Interface NoContentDocument

  • All Known Subinterfaces:
    BytesDocument, FilterableDocument, StringDocument

    public interface NoContentDocument
    A document which may have its non-content parts inspected.

    This document does not provide access to the document content and does not provide methods for cloning the document. This only provides a way to inspect non-content parts of document.

    • Method Detail

      • getURI

        URI getURI()
        The URI of the document.
        Returns:
        the URI of the document.
      • getMetadata

        com.google.common.collect.ImmutableListMultimap<String,​String> getMetadata()
        Metadata of the document.

        Metadata is accessible to the indexer with metamap configuration. Values may contain printable UTF-8 characters that do not contain new lines (line feeds) or carriage return. Metadata keys must only consist of printable non whitespace ASCII characters.

        The Content-Type metadata, if set, should be the content type of the original document. It must have no more than one value. Unlike getMimeType() this value will not change during filtering unless a filter is correcting the original content type. Metadata with keys that start with

        X-Fun
        should not be edited or removed or added.

        For web crawls this will initially contain the HTTP headers returned from the server, thus keys which might conflict with existing standard HTTP headers should be avoided.

        Returns:
        a immutable map of the documents metadata.
      • getCopyOfMetadata

        com.google.common.collect.ListMultimap<String,​String> getCopyOfMetadata()
        Gets a mutable copy of the documents metadata.
        Returns:
        a mutable copy of the documents metadata.
      • getCharset

        Optional<Charset> getCharset()
        Returns the possible charset of the document.
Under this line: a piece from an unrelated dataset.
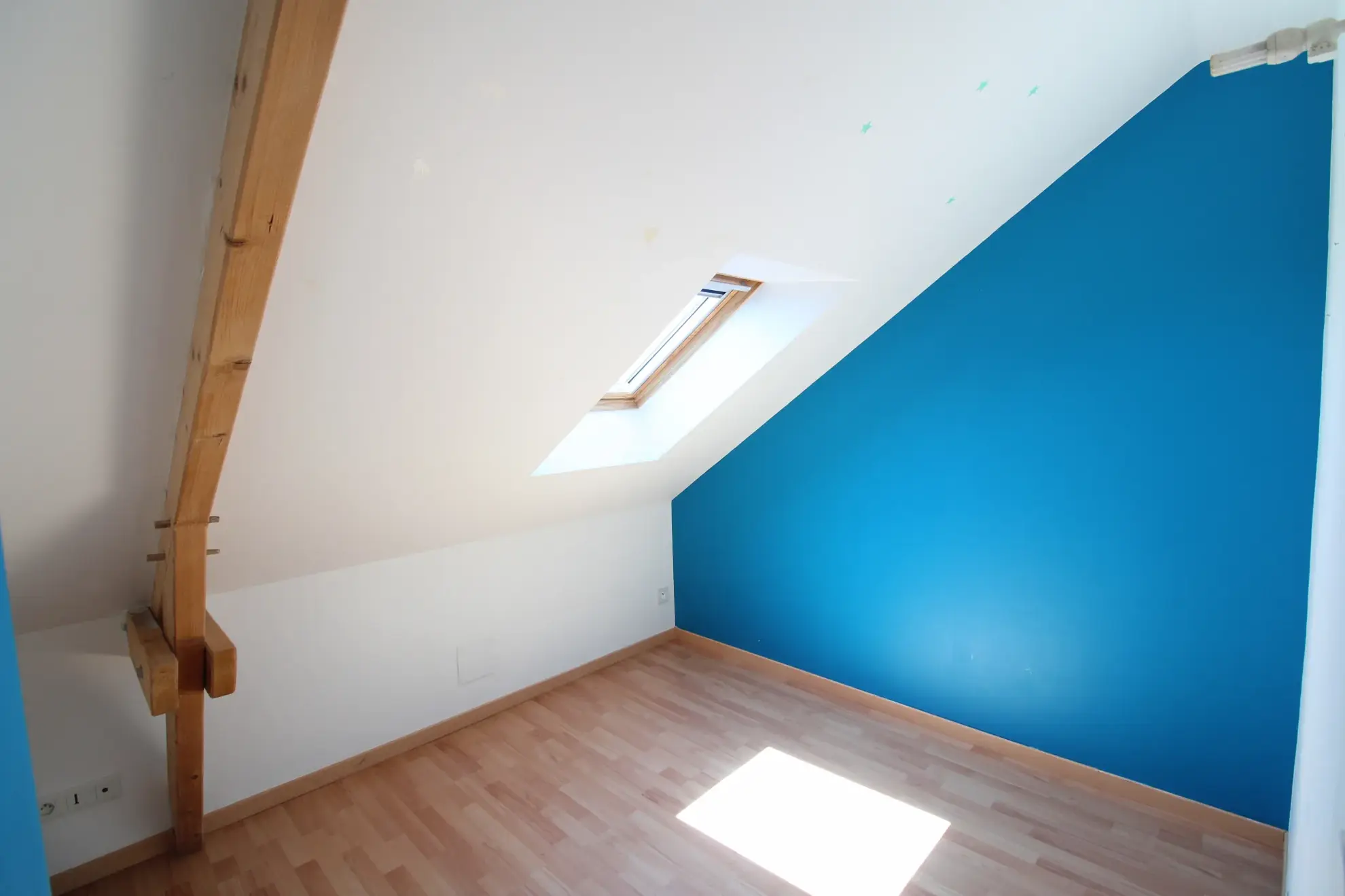 Maison en pierres en campagne de 80m² à Saffré, disponible immédiatement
        If a filter edits the charset of the bytes, the filter must also ensure the returned document produces the new charset from this method

        Returns:
        the charset of the current content of the document or empty if it is unknown.
      • getDocumentType

        DocumentType getDocumentType()
        Returns the document type of this filterable document, this may not be the original document type.

        If a filter changes the type of a document e.g. CSV to JSON the document type of the Filterable Document should be changed rather than the Content-Type in the headers.

        If the implementation describes a charset it should be ignored with preference to the charset returned by getCharset().

        Returns:
        the document type for current document content (not the original document type which may have changed with filtering)